Eddie Jones is to be reunited with eight of his World Cup Wallabies when he takes charge of a Barbarians invitation team in Cardiff - just five days after quitting as Australia coach.
And in his first public appearance since his resignation on Monday, Jones told reporters on Wednesday (Thursday AEDT) he believed his job as Australia coach would have been compromised had he stayed in the role.
Jones was adamant "20 years of unsuccessful rugby" had been down to the system in Australian rugby.
It's ironic that in his first job since the end to his dismal reign as national coach that Jones will be guiding not just eight Wallabies who failed to get past the group stage at the World Cup but also two he left out the squad amid much controversy.
For both flanker Michael Hooper, the veteran star whose exclusion was emblematic of Jones's gamble on youth in France, and fit-again centre Len Ikitau will be in the Barbarians' starting XV to play Wales at the Principality Stadium on Saturday (Sunday AEDT).
Jones has picked six - starters Rob Leota and Rob Valetini, and replacements Angus Bell, Tom Hooper, Ben Donaldson and Andrew Kellaway - who all featured in the record 40-6 hiding by Wales that sealed Australia's fate at the World Cup.
Prop Taniela Tupou and Izaia Perese, also in Jones's France squad, will be in Saturday's starting line-up too.
Asked about his resignation in Cardiff on Wednesday, Jones told reporters: "Post-World Cup there was always going to be a decision to be made whether we were going to change Australian rugby or not.
"I went in with a plan and had a commitment from Rugby Australia what that looked like.
"When the unity of where we were going wasn't the same - not because of the lack of desire from Rugby Australia but there's other forces at play - then the only thing I could do was resign.
"Obviously, the results are disappointing, but I went in there with a plan to change Australian rugby, which not only involves the team but the system to put it together.
"When you've had 20 years of unsuccessful rugby, that's because of the system. I went in with a plan of how to change the system and that's unable to be changed.
"I felt my job would be compromised for the next four years, which I wasn't prepared to do."
As usual, Jones had plenty of outspoken views, including some on his former England employers.
Asked how far he could have taken England at the World Cup, Jones replied: "That's not a question, that's a dream."
He also had advice for Steve Borthwick, his successor who took England to the semi-finals of the World Cup, insisting the gifted Marcus Smith wasn't a fullback and needed to be utilised at five-eighth to get the best out of him.
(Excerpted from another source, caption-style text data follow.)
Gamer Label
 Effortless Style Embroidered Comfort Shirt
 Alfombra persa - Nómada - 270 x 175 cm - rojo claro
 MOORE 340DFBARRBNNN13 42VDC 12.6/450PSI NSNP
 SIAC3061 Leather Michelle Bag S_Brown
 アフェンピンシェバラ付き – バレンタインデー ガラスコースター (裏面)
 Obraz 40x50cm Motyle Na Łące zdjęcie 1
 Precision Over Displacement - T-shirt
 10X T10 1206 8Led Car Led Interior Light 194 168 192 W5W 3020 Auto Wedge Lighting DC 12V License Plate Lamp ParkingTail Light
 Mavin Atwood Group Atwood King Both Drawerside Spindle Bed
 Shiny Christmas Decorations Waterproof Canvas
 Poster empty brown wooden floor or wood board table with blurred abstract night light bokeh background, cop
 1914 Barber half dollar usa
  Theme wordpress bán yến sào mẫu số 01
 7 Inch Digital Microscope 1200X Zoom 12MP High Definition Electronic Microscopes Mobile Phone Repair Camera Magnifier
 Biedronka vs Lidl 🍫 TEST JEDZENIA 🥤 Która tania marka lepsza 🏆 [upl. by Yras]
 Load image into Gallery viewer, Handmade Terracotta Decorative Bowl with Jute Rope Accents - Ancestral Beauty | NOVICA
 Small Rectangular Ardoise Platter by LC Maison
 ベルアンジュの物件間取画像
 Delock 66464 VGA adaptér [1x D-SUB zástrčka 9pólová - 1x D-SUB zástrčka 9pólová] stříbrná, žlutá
As for his own coaching future, Jones ruled out any prospect of returning to Australia as coach of the British and Irish Lions in 2025.
"I have moved from the northern hemisphere to the southern hemisphere," he said.
"I had my go with England, I loved coaching England, and I wouldn't want to be involved in the Lions. Not at all."
The emotional focus in Cardiff will be on the send-off for the great lock Alun Wyn Jones, who'll captain the Baa-Baas against the team he led with such distinction while earning a record 158 Welsh caps.